'Give us a millstone,' say the damned, 'as large as the whole earth, and so wide in circumference as to touch the sky all around and let a little bird come once in a hundred thousand years and pick off a small particle of the stone, not larger than the tenth part of a grain of millet, and after another hundred thousand years let him come again, so that in ten hundred thousand years he would pick off as much as a grain of millet, we wretched sinners would desire nothing but that the stone might have an end, and thus our pains also; yet even that cannot be.'**

* Summæ Suppl. qu 97.
** Quoted in Hagenbach's History of Doctrines, 210, vol.
ii., p. 152

The work of Father Pinamonti, entitled Hell Opened to Christians, has been for over two hundred years one of the most popular among Catholic Christians. It has also circulated among Protestants. An English version, with horrible pictures of the torments of the damned, has gone through many editions. We recommend its purchase to those who complain of the illustrations in the Freethinker, or who desire to see how savage the Christian religion is at bottom. The Christian Father of course accepts the literal meaning of hell fire. He says (p. 28): "Every one that is damned will be like a lighted furnace, which has its own flames in itself; all the filthy blood will boil in the veins, the brains in the skull, the heart in the breast, the bowels within the unfortunate body, surrounded with an abyss of' fire out of which it cannot escape."

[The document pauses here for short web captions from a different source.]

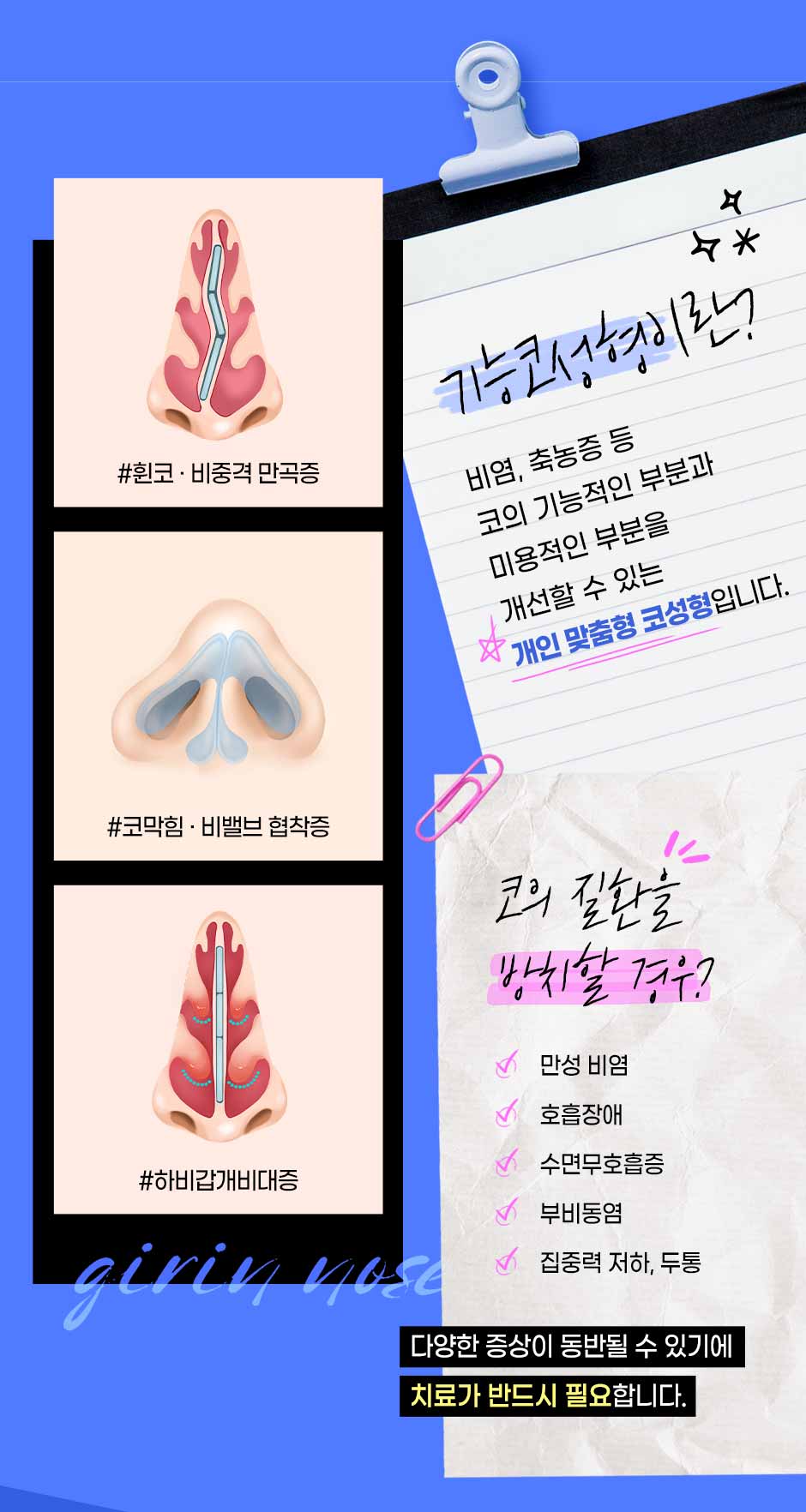 기능코성형_04.jpg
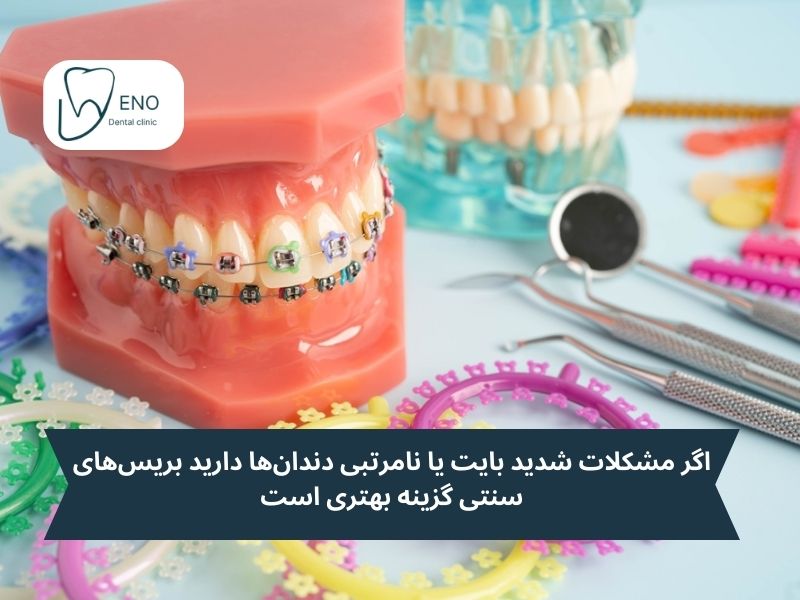 شرایط استفاده از بریس نامرئی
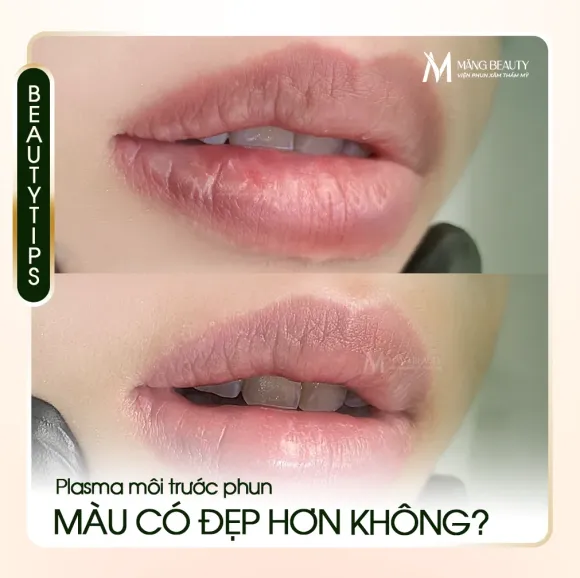 Plasma môi trước khi phun có giúp môi lên màu đẹp hơn không?
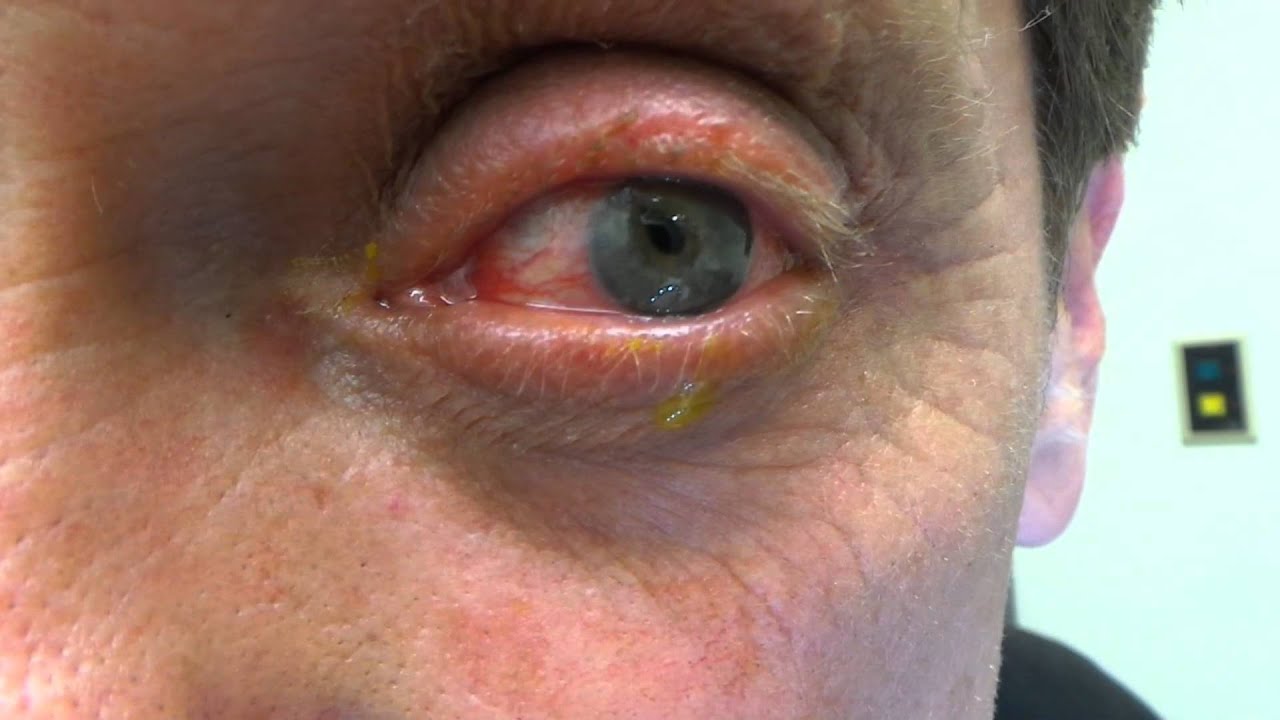 Open Corneal Injury and Protruding Iris - YouTube - Waardoor Wordt Stomp Oogletsel Veroorzaakt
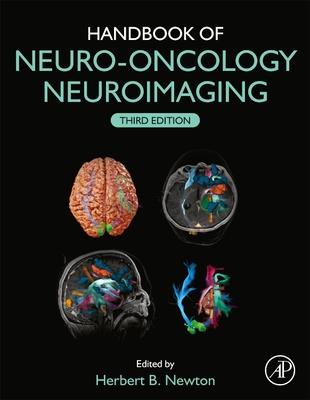 Handbook of Neuro-Oncology Neuroimaging 3rd Edition - 9780128228357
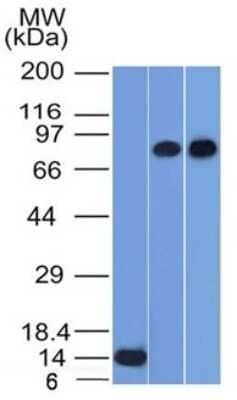 Western Blot: p63/TP73L Antibody (TP63/1786) [NBP3-08734] - Western Blot of Recombinant, PC3 and HeLa cell lysates using p63/TP73L Mouse Monoclonal Antibody (TP63/1786).
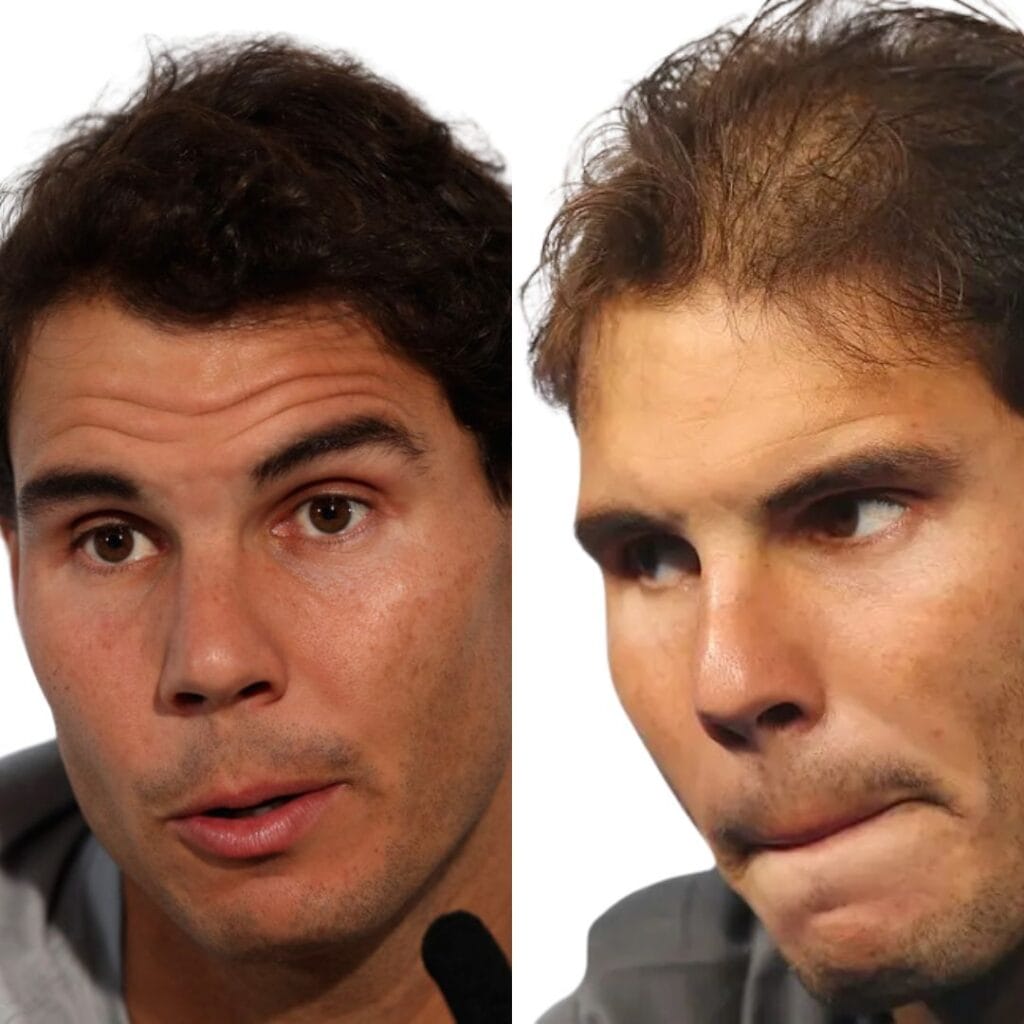 How Successful Was Rafael Nadal's Celebrity hair transplants Procedure?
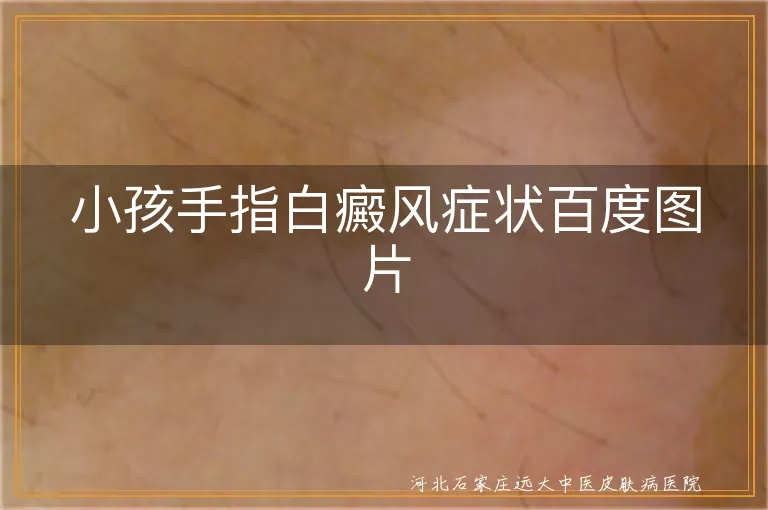 儿童手指白斑症状图,小儿指端白癜风图片,婴幼儿手部白斑照片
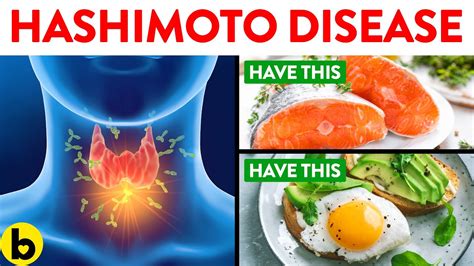 Foods To Eat And Avoid When You Have Hashimotos Disease Youtube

The Sight of Hell, by the Rev. J. Fumiss, C.S.S.R., is another popular work issued "permissu superiorum" among "Books for Children and Young Persons." A more atrocious composition it is difficult to conceive. The agony is piled on as though the imagination of the writer revelled in the description of torture. One specimen, a mild one, will suffice:—

Perhaps at this moment, seven o'clock in the evening, a child is just going into Hell. To-morrow evening at seven o'clock, go and knock at the gates of Hell and ask what the child is doing. The devils will go and look. Then they will come back again and say, the child is burning! Go in a week and ask what the child is doing; you will get the same answer—it is burning! Go in a year and ask, the same answer comes—it is burning! Go in a million of years and ask the same question; the answer is just the same—it is burning! So if you go for ever and ever, you will always get the same answer—it is burning in the fire!

I declare I would rather put into the hands of any young child Boccaccio's Decameron, or any of the works put on the Roman Index Librorum Prohibitorum, with which I am acquainted, than this pious work by a Christian Father.

Protestantism did nothing to lighten the realm of outer darkness. Rather, by its repudiation of the priest-serving doctrine of purgatory, it rendered more glaring the contrast between the condition of the saved and that of the non-elect. Calvin asks: "How is it that the fall of Adam involves so many nations, with their infant children, to eternal death without remedy, unless that it so seemed meet to God?" The same holy Christian says of the damned: "For ever harassed with a dreadful tempest, they shall feel themselves torn asunder by an angry God, and transfixed and penetrated by mortal stings, terrified by the thunderbolts of God, and broken by the weight of his hand, so that to sink into any gulf would be more tolerable than to stand for a moment in these terrors."

According to the Westminster Confession, ch. xxxiii.: "The wicked who know not God and obey not the gospel of Jesus Christ, shall be cast into eternal torments." And the Larger Catechism, A. 29, declares: "The punishments of sin in the world to come are everlasting separation from the comfortable presence of God, and most grievous torments in soul and body, without intermission, in hell fire forever." "They that have done good shall go into life everlasting; and they that have done evil into everlasting fire," is the doctrine of the Book of Common Prayer.

Bishop Jeremy Taylor, the prose poet of the Church of England, says in his discourse on the Pains of Hell*: "We are amazed at the inhumanity of Phalaris, who roasted men in his brazen bull: this was joy in respect of that fire of hell which penetrates the very entrails without consuming them." "Husbands shall see their wives, parents shall see their children, tormented before their eyes." Picture it, think of it, Christian, and then give praises to your demon God. The good, really good, bishop tells us the bodies of the damned shall be crowded together in hell like grapes in a wine press, which press one another till they burst. "Every distinct sense and organ shall be assailed with its own appropriate and most exquisite sufferings." Surely the creed is accursed which led so worthy a man as Taylor to paint with unction this description of the Pains of Hell.

* Contemplation of the State of Man, ch. 68.